A university with a large public web application perimeter had a number of old web applications running on legacy windows server infrastructure. Updating applications and upgrading infrastructure was well underway, however the work had to be staged given technical and commercial limitations.
From a technical perspective Windows Server 2003 doesn’t support IIS 7.0, .NET 4.5 or TLS 1.1 whilst Windows Server 2008 doesn’t support IIS 8.0 or TLS 1.3.
From a commercial perspective, the cost of mass application rewrite was prohibitive, whilst some vendors would not support software running on a infrastructure stack that didn’t match that initially deployed.
All problems were addressable given time, but due to the security implication of unsupported software and the rise of observed attempted breaches, time is something they did not have.
RedShield was engaged to see if this was a problem that we could address.
The proposed solution only required that inbound web browsing traffic be directed through RedShield reverse proxies. These could be either shared devices in the RedShield cloud or dedicated devices at a location of the university’s choosing.
In the solution:
- TLS stacks can be independent and the public facing stack continually hardened towards the access network with a compatibility stack implemented towards the server
- Server technology component fingerprinting would be removed
- Relevant CVEs addressed either through detect and block of attack traffic or hardening and modification of application behaviour
- Audits against all known reconnaissance and exploit techniques tested against the applied controls conducted weekly
RedShield researchers maintain awareness of new and emerging issues with the component technologies
- RedShield to maintain 24/7 end customer helpdesks
- Defense against evolving threats across DDoS, Bot, malicious exploit, malicious actor and misuse were also included
Continuing to publish applications that can’t be patched but that have current security issues, with 100% confidence that more will be released was unacceptable. But to replatform everything just takes time. With RedShield we started with Server 2003 and now have Server 2008 secured. They brought us the time we needed.
Following a successful proof of concept, the university selected a dedicated node deployed within their datacentre.
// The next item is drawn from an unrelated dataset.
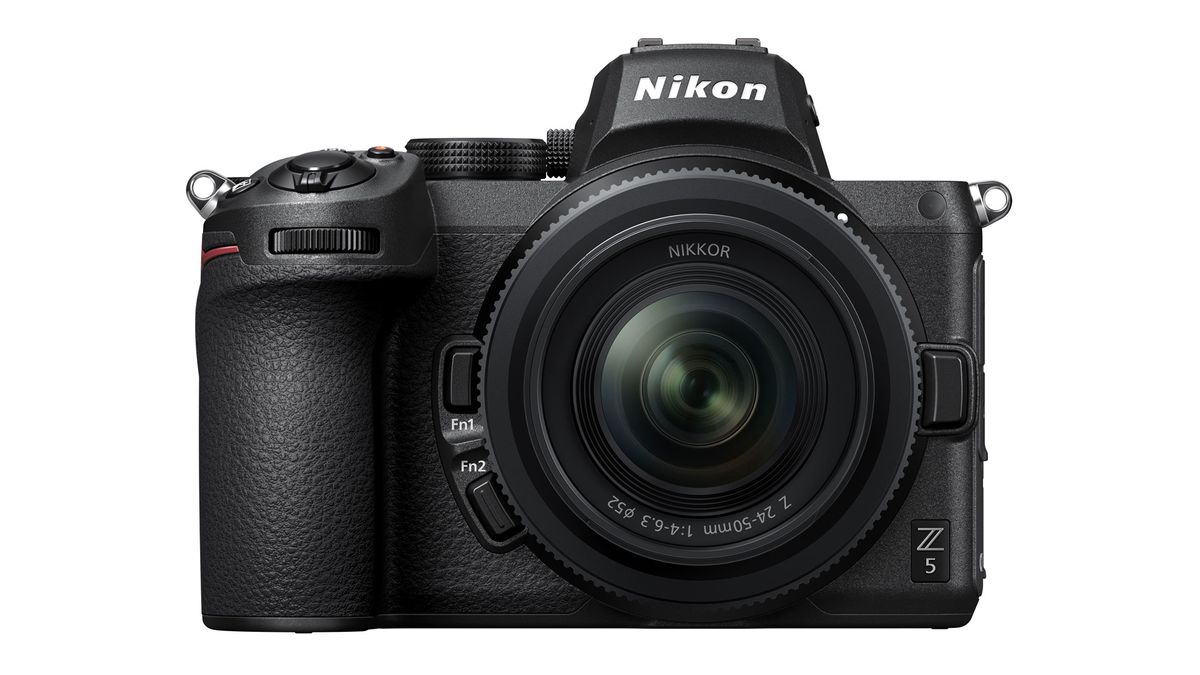 The best Nikon camera Top Nikon cameras for every budget Creative Bloq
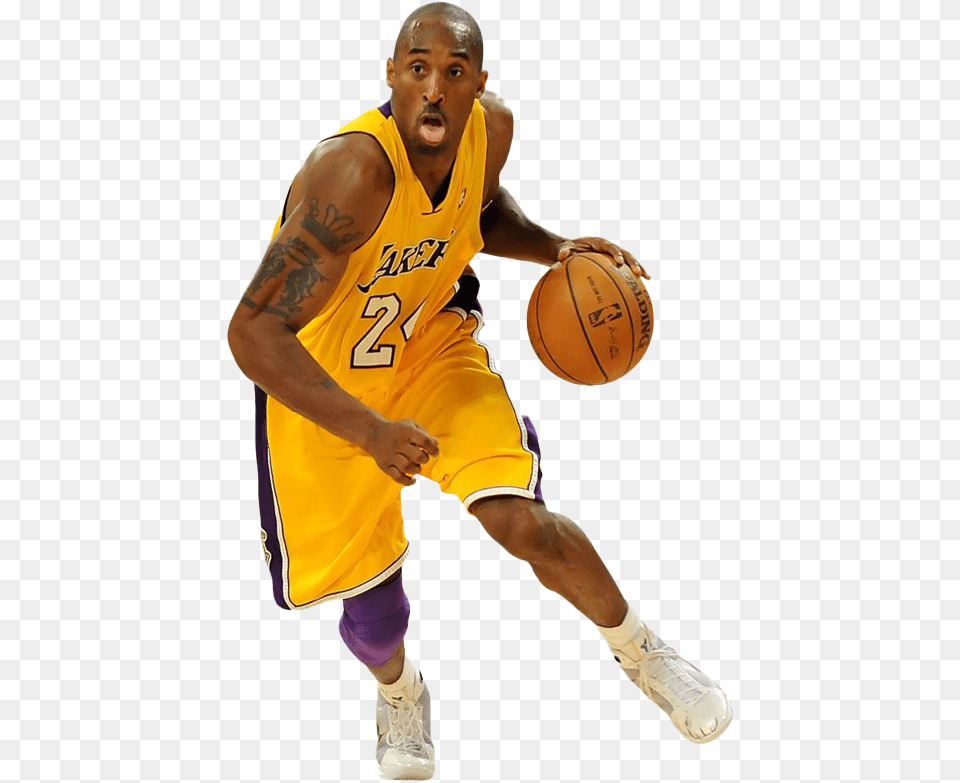 Basketball Player Kobe Bryant File Mart Kobe Bryant, Ball, Basketball (ball), Sport, Person Png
Initially web apps running on Windows Server 2003 hosts were secured. Once in place, those on Windows Server 2008 hosts were addressed.
The secure application publishing was operational managed by RedShield with portal reporting available real time and monthly management reports supplied.
During the process the security surrounding the applications started to spiral up. After the initial bow wave of hygiene hardening and known security flaw mitigation was complete, application specific flaws discovered through both periodic scans and pen testing were addressed. As new relevant Common Vulnerability and Exposures (CVEs) were announced the RedShield team responds with modified or now controls to address.
In parallel the university is continuing their modernization project and is progressing turning off Windows Server 2003 hosts, this will soon be complete and they will begin on the Windows Server 2008 hosts.
They can execute these migration projects without the interference of urgent security risks changing their plan.